So here I am, unemployed and adventuring once again...first big question I need to tackle: to go abroad again or stay in the US...or maybe another US territory...Guam anyone?  Next:  to grad school or not to grad school?  And finally, if yes on grad school, what exactly do I want to study?  I know I already have plenty of options open with just a bachelor's in engineering and if I study something different but similar it would open up new doors without closing existing ones - so for me that would be ideal, the more doors the merrier!  I love doors!  Options are my favorite, except for times like now, when I am paralyzed with indecision at all the options that I do have.  I think the most important thing I need to remember right now is that all of my options are not going to pan out, that's life, so perhaps I should just apply for every single thing I am considering and see what I get before I get too caught up in making up my mind.  For that I will need a list of everything I want to do (or what I want to do the most right now because I'm pretty sure making a list of everything I want to do is impossible...because I would like to do everything eventually...) So here goes:

Grad School - either here or abroad, in an environmentally or developmentally relevant field either in the state or abroad....if I go abroad I would like to go to either England, Ireland, Australia, or perhaps Poland or Belgium or somewhere else entirely....

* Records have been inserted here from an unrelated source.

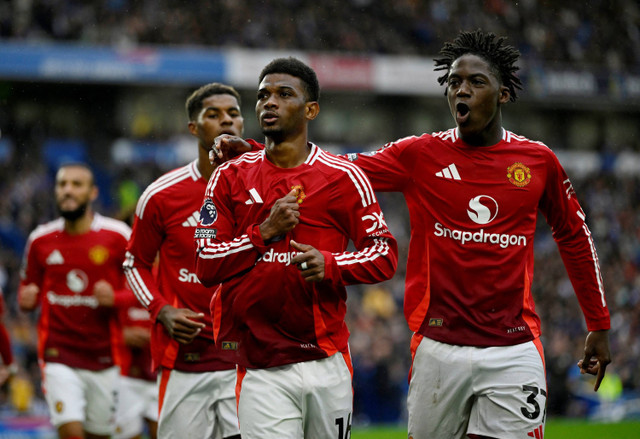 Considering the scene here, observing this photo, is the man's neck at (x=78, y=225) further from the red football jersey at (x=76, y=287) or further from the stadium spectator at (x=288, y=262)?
the stadium spectator at (x=288, y=262)

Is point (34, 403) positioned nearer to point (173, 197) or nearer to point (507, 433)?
point (173, 197)

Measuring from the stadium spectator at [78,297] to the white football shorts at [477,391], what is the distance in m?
3.66

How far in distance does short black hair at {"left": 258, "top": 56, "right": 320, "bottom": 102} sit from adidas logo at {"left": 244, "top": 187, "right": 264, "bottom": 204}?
0.56m

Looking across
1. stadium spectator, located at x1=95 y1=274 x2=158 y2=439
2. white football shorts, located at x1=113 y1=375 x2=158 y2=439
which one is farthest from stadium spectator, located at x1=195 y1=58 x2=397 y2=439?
white football shorts, located at x1=113 y1=375 x2=158 y2=439

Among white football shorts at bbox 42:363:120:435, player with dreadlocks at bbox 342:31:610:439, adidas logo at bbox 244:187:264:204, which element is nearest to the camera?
adidas logo at bbox 244:187:264:204

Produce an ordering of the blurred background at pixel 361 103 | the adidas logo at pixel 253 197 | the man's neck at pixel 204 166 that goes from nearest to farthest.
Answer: the adidas logo at pixel 253 197, the man's neck at pixel 204 166, the blurred background at pixel 361 103

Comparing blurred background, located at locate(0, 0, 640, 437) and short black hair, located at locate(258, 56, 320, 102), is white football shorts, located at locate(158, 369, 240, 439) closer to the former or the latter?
short black hair, located at locate(258, 56, 320, 102)

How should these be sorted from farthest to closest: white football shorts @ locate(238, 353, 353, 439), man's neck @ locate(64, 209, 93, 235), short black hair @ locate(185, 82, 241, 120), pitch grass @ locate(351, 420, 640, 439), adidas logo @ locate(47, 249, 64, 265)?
1. pitch grass @ locate(351, 420, 640, 439)
2. man's neck @ locate(64, 209, 93, 235)
3. adidas logo @ locate(47, 249, 64, 265)
4. short black hair @ locate(185, 82, 241, 120)
5. white football shorts @ locate(238, 353, 353, 439)

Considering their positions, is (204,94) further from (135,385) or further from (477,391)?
(135,385)

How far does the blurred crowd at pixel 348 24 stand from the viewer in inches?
979

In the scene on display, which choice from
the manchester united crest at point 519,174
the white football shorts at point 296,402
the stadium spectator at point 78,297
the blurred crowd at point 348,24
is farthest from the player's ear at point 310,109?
the blurred crowd at point 348,24

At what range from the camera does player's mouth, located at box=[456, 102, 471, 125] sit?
16.1 ft

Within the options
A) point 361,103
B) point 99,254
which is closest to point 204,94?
point 99,254

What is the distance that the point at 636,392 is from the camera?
19.1 meters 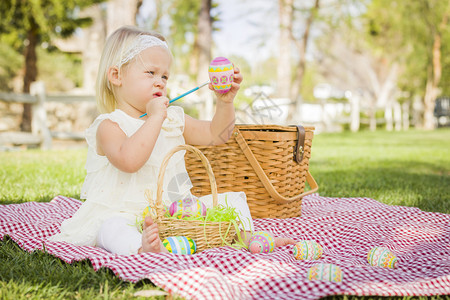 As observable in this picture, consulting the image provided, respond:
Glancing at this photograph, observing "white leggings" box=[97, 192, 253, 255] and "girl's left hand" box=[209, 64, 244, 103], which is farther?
"girl's left hand" box=[209, 64, 244, 103]

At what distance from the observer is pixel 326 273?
157 centimetres

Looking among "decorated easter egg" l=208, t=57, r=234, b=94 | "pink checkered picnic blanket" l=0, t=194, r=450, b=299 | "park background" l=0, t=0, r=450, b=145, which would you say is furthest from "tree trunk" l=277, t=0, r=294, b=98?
"decorated easter egg" l=208, t=57, r=234, b=94

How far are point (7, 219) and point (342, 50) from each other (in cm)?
3229

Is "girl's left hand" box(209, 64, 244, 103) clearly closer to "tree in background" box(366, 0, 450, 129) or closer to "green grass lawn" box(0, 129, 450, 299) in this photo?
"green grass lawn" box(0, 129, 450, 299)

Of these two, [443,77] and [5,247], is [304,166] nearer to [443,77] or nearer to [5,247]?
[5,247]

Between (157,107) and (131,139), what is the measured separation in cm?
19

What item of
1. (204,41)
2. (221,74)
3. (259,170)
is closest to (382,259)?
(259,170)

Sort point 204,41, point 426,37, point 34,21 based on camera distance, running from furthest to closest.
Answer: point 426,37 → point 34,21 → point 204,41

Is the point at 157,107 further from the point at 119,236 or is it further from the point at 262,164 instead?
the point at 262,164

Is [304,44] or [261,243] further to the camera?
[304,44]

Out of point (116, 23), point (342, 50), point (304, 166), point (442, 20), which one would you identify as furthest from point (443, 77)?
point (304, 166)

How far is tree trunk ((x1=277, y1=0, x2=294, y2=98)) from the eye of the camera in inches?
502

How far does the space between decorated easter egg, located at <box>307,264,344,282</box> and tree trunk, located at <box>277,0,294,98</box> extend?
38.2 ft

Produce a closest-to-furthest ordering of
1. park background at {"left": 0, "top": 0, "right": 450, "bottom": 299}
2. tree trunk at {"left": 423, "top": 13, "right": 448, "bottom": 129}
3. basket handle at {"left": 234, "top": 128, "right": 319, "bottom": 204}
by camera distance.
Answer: basket handle at {"left": 234, "top": 128, "right": 319, "bottom": 204} → park background at {"left": 0, "top": 0, "right": 450, "bottom": 299} → tree trunk at {"left": 423, "top": 13, "right": 448, "bottom": 129} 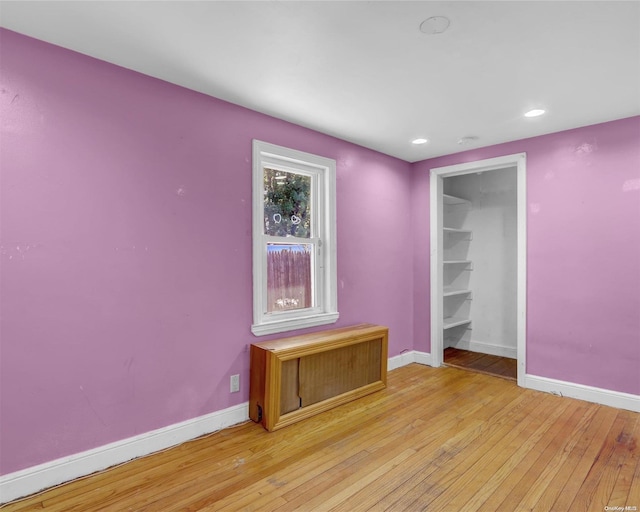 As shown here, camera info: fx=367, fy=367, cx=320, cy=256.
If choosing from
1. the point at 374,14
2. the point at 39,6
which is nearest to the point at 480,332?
the point at 374,14

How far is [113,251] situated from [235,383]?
4.32ft

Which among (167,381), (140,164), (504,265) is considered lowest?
(167,381)

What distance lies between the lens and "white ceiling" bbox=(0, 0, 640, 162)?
175 cm

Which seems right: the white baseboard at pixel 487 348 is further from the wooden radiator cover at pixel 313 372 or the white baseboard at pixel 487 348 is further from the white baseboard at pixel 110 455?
the white baseboard at pixel 110 455

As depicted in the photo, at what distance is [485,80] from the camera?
8.01ft

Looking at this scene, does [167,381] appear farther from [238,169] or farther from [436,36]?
[436,36]

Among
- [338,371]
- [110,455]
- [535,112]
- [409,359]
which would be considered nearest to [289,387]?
[338,371]

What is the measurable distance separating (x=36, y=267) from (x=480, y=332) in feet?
15.9

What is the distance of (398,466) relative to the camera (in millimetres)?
2258

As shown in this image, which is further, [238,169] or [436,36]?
[238,169]

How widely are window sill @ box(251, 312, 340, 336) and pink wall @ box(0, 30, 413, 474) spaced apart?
11 centimetres

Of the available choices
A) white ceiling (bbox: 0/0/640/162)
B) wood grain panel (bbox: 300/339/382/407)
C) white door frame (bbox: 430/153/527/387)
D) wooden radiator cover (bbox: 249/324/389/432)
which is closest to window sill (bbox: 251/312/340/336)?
wooden radiator cover (bbox: 249/324/389/432)

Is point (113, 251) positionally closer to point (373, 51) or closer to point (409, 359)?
point (373, 51)

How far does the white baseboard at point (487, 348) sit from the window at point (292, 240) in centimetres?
247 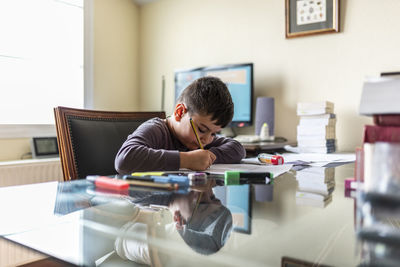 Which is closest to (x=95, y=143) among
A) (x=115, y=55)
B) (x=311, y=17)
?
(x=311, y=17)

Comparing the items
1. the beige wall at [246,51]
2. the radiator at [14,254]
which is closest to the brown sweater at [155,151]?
the radiator at [14,254]

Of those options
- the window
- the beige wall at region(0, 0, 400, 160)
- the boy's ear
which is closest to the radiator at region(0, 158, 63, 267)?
the beige wall at region(0, 0, 400, 160)

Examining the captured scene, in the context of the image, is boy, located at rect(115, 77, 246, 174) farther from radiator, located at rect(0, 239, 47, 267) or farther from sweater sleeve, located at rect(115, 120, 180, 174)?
radiator, located at rect(0, 239, 47, 267)

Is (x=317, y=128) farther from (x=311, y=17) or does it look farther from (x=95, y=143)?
(x=95, y=143)

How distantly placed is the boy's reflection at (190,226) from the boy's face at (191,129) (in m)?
0.69

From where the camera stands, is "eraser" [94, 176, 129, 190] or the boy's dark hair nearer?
"eraser" [94, 176, 129, 190]

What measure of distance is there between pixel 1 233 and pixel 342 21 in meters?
2.37

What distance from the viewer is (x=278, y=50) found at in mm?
2547

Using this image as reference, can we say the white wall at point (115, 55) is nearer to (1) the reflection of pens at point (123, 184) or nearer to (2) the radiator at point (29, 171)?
(2) the radiator at point (29, 171)

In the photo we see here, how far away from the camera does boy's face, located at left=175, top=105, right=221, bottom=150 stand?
1268mm

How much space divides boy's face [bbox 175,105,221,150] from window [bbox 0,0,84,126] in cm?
167

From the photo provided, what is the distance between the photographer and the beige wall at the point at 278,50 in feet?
7.20

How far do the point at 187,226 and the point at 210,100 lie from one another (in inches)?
33.1

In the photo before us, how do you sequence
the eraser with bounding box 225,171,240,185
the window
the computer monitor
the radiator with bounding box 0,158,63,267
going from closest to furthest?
the eraser with bounding box 225,171,240,185 < the radiator with bounding box 0,158,63,267 < the window < the computer monitor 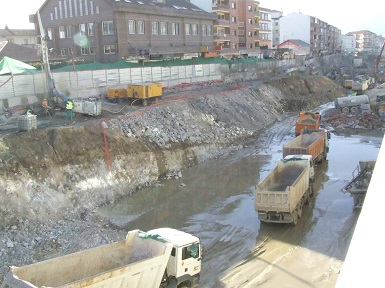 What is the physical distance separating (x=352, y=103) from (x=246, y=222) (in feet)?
117

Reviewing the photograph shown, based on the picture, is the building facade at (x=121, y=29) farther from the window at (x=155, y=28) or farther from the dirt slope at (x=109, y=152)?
the dirt slope at (x=109, y=152)

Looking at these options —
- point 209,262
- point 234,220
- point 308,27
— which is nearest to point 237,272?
point 209,262

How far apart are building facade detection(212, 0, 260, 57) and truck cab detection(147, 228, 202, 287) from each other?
61.6 meters

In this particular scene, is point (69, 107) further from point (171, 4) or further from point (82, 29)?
point (171, 4)

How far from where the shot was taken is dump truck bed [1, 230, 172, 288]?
10219mm

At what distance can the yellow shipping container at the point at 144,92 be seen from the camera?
34.9m

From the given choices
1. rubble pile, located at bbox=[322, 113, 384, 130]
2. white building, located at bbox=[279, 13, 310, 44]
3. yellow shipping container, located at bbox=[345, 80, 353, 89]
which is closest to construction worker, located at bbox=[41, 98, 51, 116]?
rubble pile, located at bbox=[322, 113, 384, 130]

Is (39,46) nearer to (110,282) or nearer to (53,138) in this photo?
(53,138)

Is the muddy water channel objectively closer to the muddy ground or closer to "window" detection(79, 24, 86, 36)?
the muddy ground

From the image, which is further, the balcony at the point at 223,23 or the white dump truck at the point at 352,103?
the balcony at the point at 223,23

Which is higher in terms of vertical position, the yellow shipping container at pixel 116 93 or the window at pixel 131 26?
the window at pixel 131 26

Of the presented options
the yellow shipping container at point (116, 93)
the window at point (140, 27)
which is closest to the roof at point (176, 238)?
the yellow shipping container at point (116, 93)

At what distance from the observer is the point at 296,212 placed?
62.6 feet

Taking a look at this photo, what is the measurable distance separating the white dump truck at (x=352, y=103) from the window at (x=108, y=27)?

Job - entry level environmental engineering job...sounds tempting but also very scary because that had the ring of career to it, and if I'm finding something career worthy I damn well better love it.  So in this area I have every right to be, and definitely will be picky.

Volunteer - You all know my Peace Corps term got cut short...it was pretty devastating in the moment, but now that I've had a few years to work and travel and generally work towards recovering from that, I think I might be up for another go...I also adored AmeriCorps and would be just plum thrilled to do that again for the right opportunity as well.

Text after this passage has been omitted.